Another Tool In The Bag

Multi-bit registers allow engineering teams to realize additional power reduction on top of widely used clock gating. Their use in advanced nodes is picking up steam.

popularity

Clocks can account for 25% to 40% of total dynamic power consumption in a complex chip, so when looking for areas to reduce power, the clock tree network is a good place to start.

Structurally, it is certainly possible to have single-bit flip flops with a clock that connects to every one of the flip flops, and the power in general is proportional to the number of buffers in the clock tree on the order of 7X, not including the register power.

“Instead of having each individual flip flop connected to a clock (because in a synchronous design the clock drives every single flip flop), why not have the same buffer from a clock connect to multiple flip flops?” asks Krishna Balachandran, product marketing director for low power at Cadence. “If you could do that, and then if the synthesis engine could intelligently swap out single flip flops and instead use multi-bit flip flops (also called multi-bit registers, which are a combination of flip flops) then what you are essentially doing is sharing the same clock enable out of one buffer and reducing the load on the clock tree. By doing that you are cutting down on the clock power so you save a lot of the clock power. We’ve seen savings of 5% to 10% on the overall power of a chip just by intelligent swapping in synthesis, followed by placement-aware synthesis of these flip flops — swapping out the single-bit flip flops and substituting with multi-bit flip flops/multi-bit registers. That alone does that.”

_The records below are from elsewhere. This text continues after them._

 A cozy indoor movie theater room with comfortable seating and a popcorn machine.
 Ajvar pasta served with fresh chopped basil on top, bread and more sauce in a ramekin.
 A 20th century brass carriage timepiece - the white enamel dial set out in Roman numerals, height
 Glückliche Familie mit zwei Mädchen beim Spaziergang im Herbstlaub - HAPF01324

Technically speaking, multi-bit registers are sequential elements that are built using multiple flops that share the same clock, explained Sudhakar Jilla, group director of marketing for place & route at Mentor Graphics. A single instance of a multi-bit register can represent multiple bits that have the same clock condition. Multi-bit registers are usually synthesized during RTL and are handled as banked registers during floor planning/physical design.

Further, because multi-bit registers share the same clock, they help reduce the number of buffers/inverters compared to single bit registers. This directly translates to lower dynamic power in the clock tree. And because dynamic power is becoming problematic for finFETs at 16nm and below, this technology is essential for effectively controlling dynamic power. Multi-bit registers also result in smaller area and lower leakage power, he said.

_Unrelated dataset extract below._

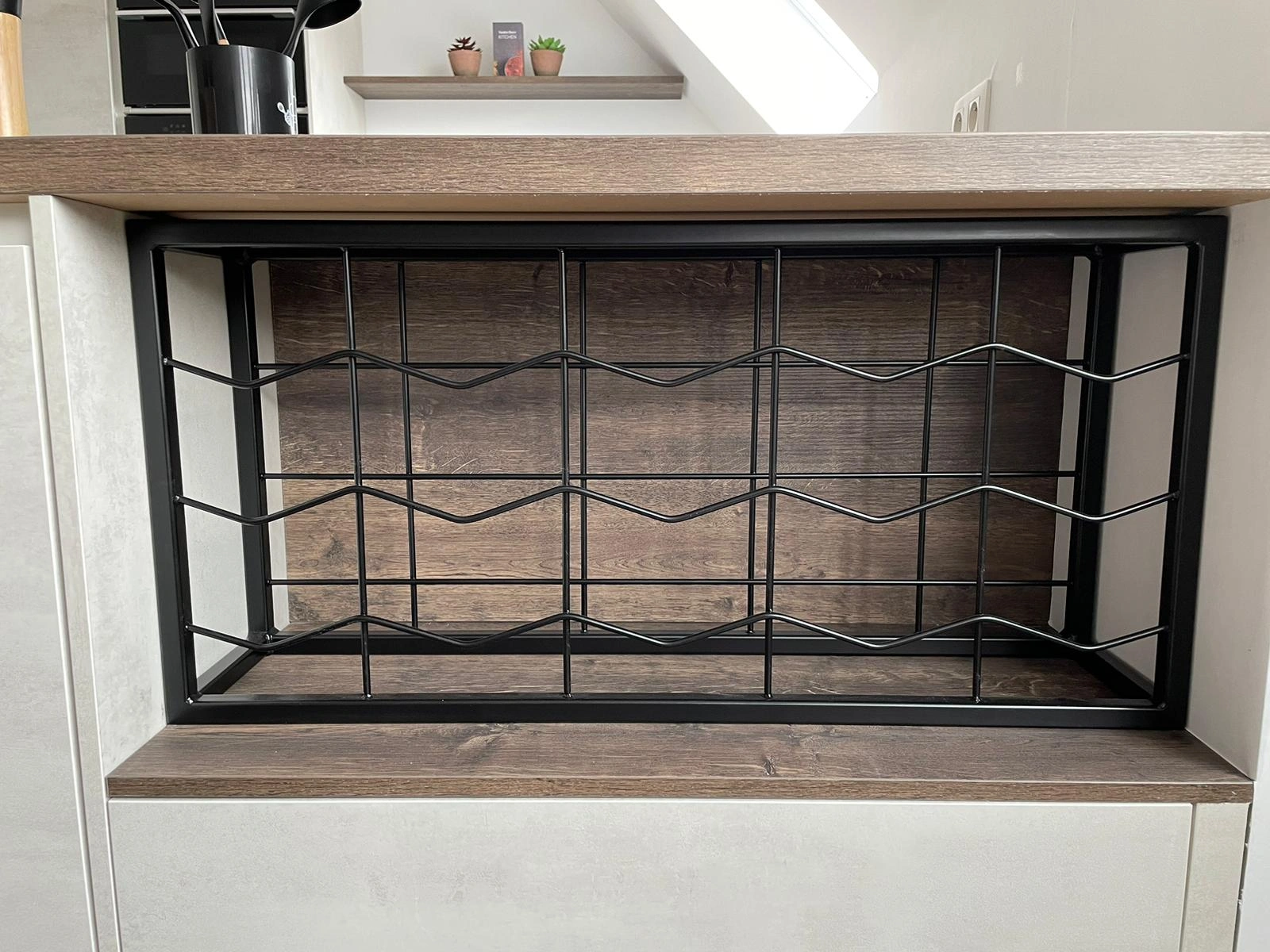 Wijnrek op maat in zwart gepoederlakt staal – stijlvol vakwerk van JVH Welding Op maat gemaakt wijnrek in zwart gepoederlakt staal, geïntegreerd in keuken – JVH Welding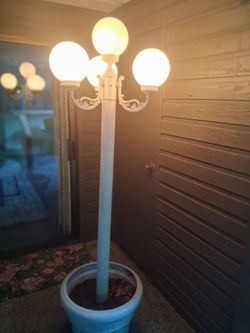 European park style four white globe plug in outdoor white lantern with planter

Increased density is the primary reason why dynamic power has become a serious issue at 16/14nm and below. While finFETs have sharply reduced leakage current, there are still more transistors packed into a tight space. And high-performance cores (HPCs) are characterized by very aggressive power, performance and area requirements, so controlling clock power is critical in achieving those targets, according to Jilla. “Multi-bit register is one of the power reduction techniques, and it needs to be addressed throughout the flow starting from RTL synthesis, floor planning, placement, clock tree synthesis, routing and optimization in a multi-mode, multi-corner, multi-voltage context.”

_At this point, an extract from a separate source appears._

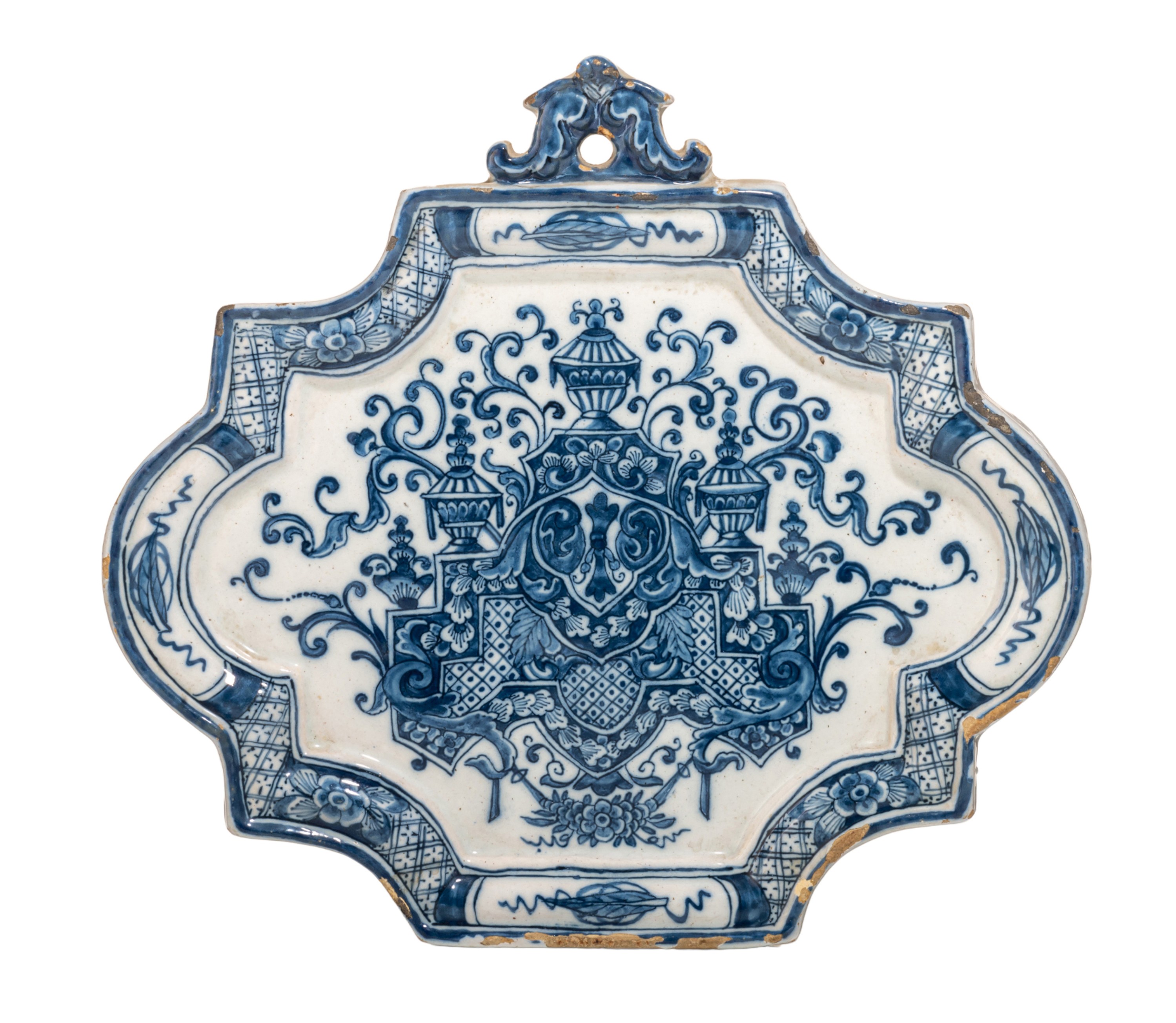 An 18thC Dutch Delft blue and white decorated plaque with a central lambrequin, H 22 cm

Ashwini Mulgaonkar, director of product marketing for physical implementation at Synopsys, Inc., said the concept of multi-bit registers is not new, but their inclusion is on the rise at 20nm and 16nm more than at 28nm and 40nm. She noted there were leading-edge customers using it even at 130nm, but these were the very, very power-conscious users. “Typically, if you’re looking at both leakage and dynamic power, until 16nm and finFET, most of the concern was on leakage power, less so on dynamic power. But with the advent of finFET technology, the leakage concern has been somewhat mitigated and dynamic power has risen to the top again. With the clock network getting bigger and bigger, it is consuming a bigger share of the total power on the chip, and a bigger share of the total area on the chip.”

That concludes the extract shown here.